La réduction du stress constitue également une piste importante. Les états de tension psychologique augmentent la rigidité musculaire, perturbent la prise de décision et diminuent la qualité des mouvements. En favorisant une meilleure régulation émotionnelle, la pleine conscience pourrait limiter ces effets délétères.
Enfin, les approches de type MAC développent l’acceptation plutôt que la lutte contre les pensées ou les émotions négatives. Cette posture permet au sportif de rester engagé dans l’action malgré la pression, sans mobiliser inutilement ses ressources cognitives.

Des résultats à interpréter avec prudence
Comme toute étude, celle-ci présente certaines limites. Elle concerne exclusivement de jeunes footballeurs masculins évoluant à un niveau élevé. Les résultats ne peuvent donc pas être généralisés à l’ensemble des disciplines sportives, ni aux femmes ou aux sportifs plus âgés.
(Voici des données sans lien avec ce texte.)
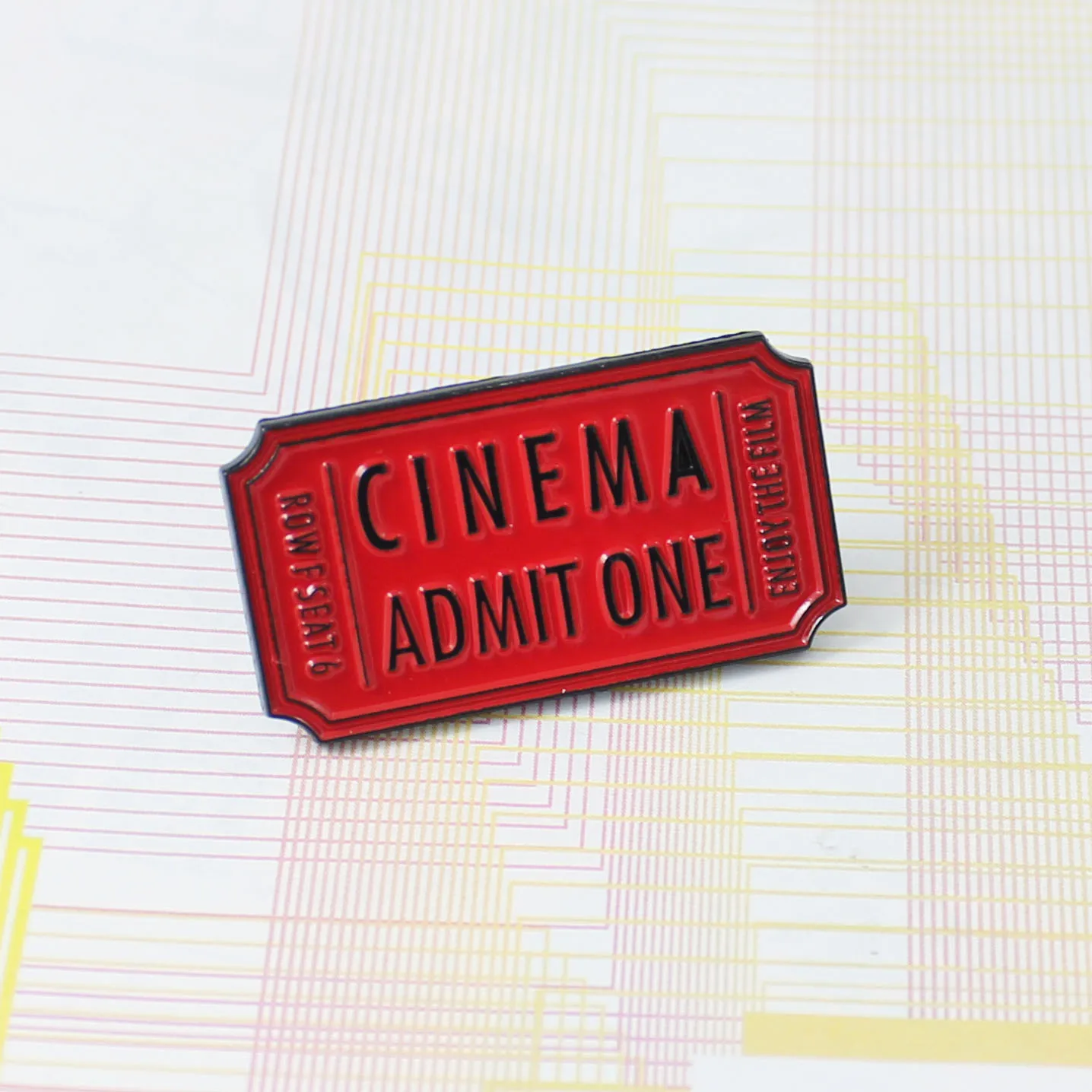 Vintage Red Movie Ticket Enamel Pins Row Fseat6 Enjoy The Film CINEMA Brooch Lapel Pins Backpack Badges Jewelry Gifts Brooches
Vintage Red Movie Ticket Enamel Pins Row Fseat6 Enjoy The Film CINEMA Brooch Lapel Pins Backpack Badges Jewelry Gifts Brooches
Par ailleurs, les blessures dépendent de nombreux facteurs : charge d’entraînement, qualité du sommeil, récupération, antécédents médicaux, nutrition, matériel ou encore conditions de pratique. La pleine conscience ne remplace évidemment pas ces dimensions essentielles de la prévention. Enfin, d’autres recherches restent nécessaires pour déterminer les mécanismes précis expliquant la diminution des blessures et identifier les modalités d’intervention les plus efficaces.
Ce qu’il faut retenir
Cette étude confirme que la préparation mentale ne se limite pas à améliorer la performance. En développant l’attention, la conscience corporelle et la régulation émotionnelle, la pleine conscience pourrait également contribuer à préserver la santé des sportifs. Pour les entraîneurs, les préparateurs mentaux et les professionnels de santé, cette approche représente un complément pertinent aux stratégies classiques de prévention des blessures. Quelques minutes d’exercices intégrés à l’entraînement pourraient suffire à renforcer les ressources psychologiques des athlètes tout en réduisant certains facteurs de risque.
La prévention des blessures repose aujourd’hui sur une approche globale. Les qualités physiques restent essentielles, mais les compétences mentales occupent désormais une place de plus en plus importante. La pleine conscience s’inscrit pleinement dans cette vision moderne de la performance durable, où le développement de l’athlète ne concerne plus uniquement son corps, mais également son fonctionnement cognitif et émotionnel.